Les dommages spécifiques aux crues ont été circonscrits au lit majeur 28 ( * ) des cours d'eau. Ils ont principalement affecté les prairies permanentes et les hortillonnages d'Amiens.

M. Philippe Caron, directeur départemental de l'agriculture, a indiqué aux membres de la commission d'enquête que quatre exploitants agricoles avaient dû être évacués à Fontaine-sur-Somme.

La submersion pendant plusieurs mois des prairies naturelles a détruit les cultures d'hiver, retardé les plantations de printemps et dégradé la structure des sols. Les terres ne retrouveront probablement leur production normale que dans deux ou trois ans.
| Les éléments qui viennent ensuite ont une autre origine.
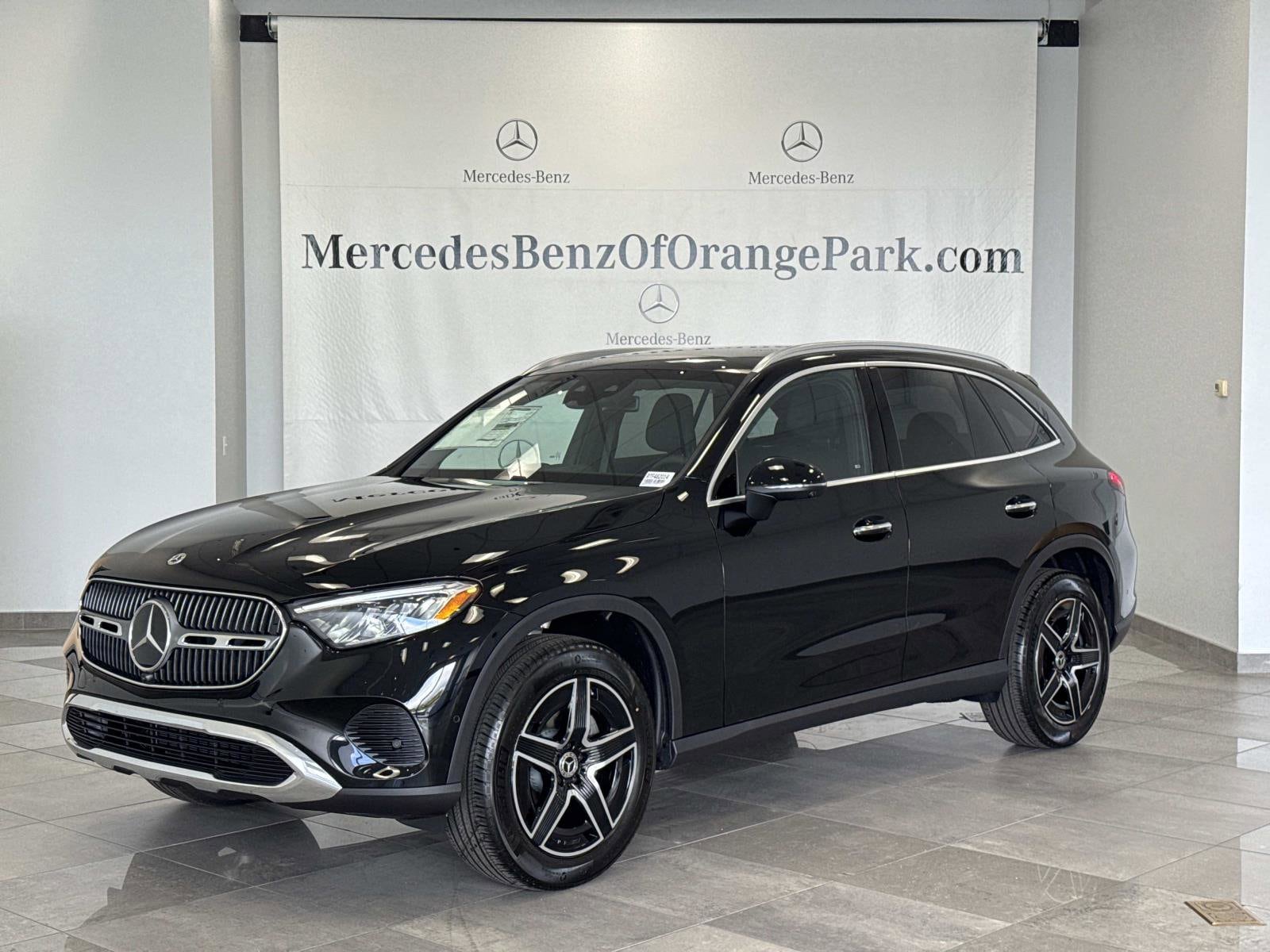 2026 Mercedes-Benz GLC Base's photo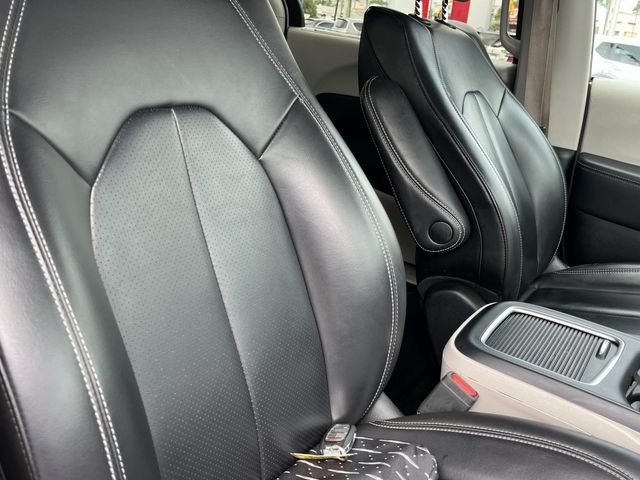 Used 2023 Chrysler Pacifica Touring-L FWD image 26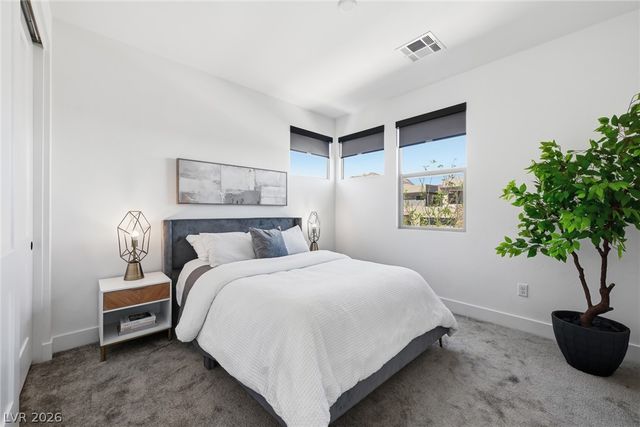 11955 Rockview Point Street, Las Vegas, NV 89138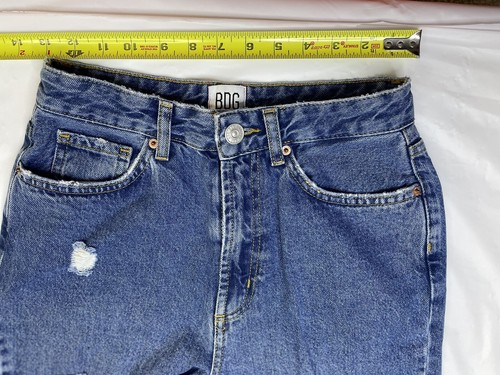 Urban Outfitters BDG Mom Jeans Women's High Rise Med Wash Tapered Size 26 - Picture 4 of 9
L'approvisionnement en fourrage du bétail n'a pu être assuré que grâce à la solidarité d'autres départements, en particulier des Bouches-du-Rhône et de la Dordogne.

Vingt-cinq hectares des hortillonnages de la région d'Amiens ont été abîmés. Aux pertes sur récoltes subies par les maraîchers, estimées à 2,5 millions de francs, se sont ajoutées les pertes de fonds dues à la durée de la submersion. La dégradation des hortillonnages, qui constituent l'une des attractions du département, a également affecté le secteur du tourisme.

LES HORTILLONNAGES

Trois cents hectares de jardins s'étendent au coeur de l'agglomération amiénoise. Ils sont entrecoupés de 55 kilomètres de rieux. La découverte de ce site ne s'effectue qu'en barque, ou à pied, depuis le chemin de halage. Les hortillonnages sont d'anciens marais composés à l'origine de treize bras de la Somme et de fossés. Les Romains donnèrent le nom « hortus » (jardin) à ces terres. Ils furent les premiers à drainer les marécages puis à y entretenir des cultures maraîchères pour nourrir leurs troupes. Les cultures se sont progressivement étendues sur le site et la culture maraîchère amiénoise connut son plein essor au XIX e siècle. Les paysans exploitaient aussi les hortillonnages afin d'extraire la tourbe qui, une fois séchée, servait de combustible.

Au début du siècle, on comptait encore un millier de maraîchers, appelés aussi les « hortillons ». Ils accédaient à leur parcelle en barque à cornet dont une extrémité relevée permettait d'accoster sans détériorer les berges. Ils vivaient de leur production, vendue au marché sur l'eau, quai Parmentier, puis revendue aux halles de Paris. Le marché se tient encore de nos jours, sur ce même quai, tous les samedis matins. Aujourd'hui, il reste encore quelques familles d'hortillons qui vivent de leur production. La richesse de la terre permet trois récoltes par an. Désormais, les parcelles servent principalement de jardins d'agrément.

Source : Office du tourisme d'Amiens

(b) Les cultures situées en dehors de la zone inondée

Les dégâts sont également importants en dehors de la zone inondée, qu'il s'agisse de pertes de récoltes dues aux intempéries ou même de pertes de fonds.

La saturation des sols n'a bien souvent permis d'implanter les cultures qu'à partir du mois de mai. Ce retard risque d'affecter les rendements et les conditions de récolte.

* 28 A ses plus hautes eaux, lorsqu'elle déborde de son cours habituel, une rivière occupe son lit majeur. Le lit mineur se mesure entre les berges franches, où le cours d'eau coule la plupart du temps.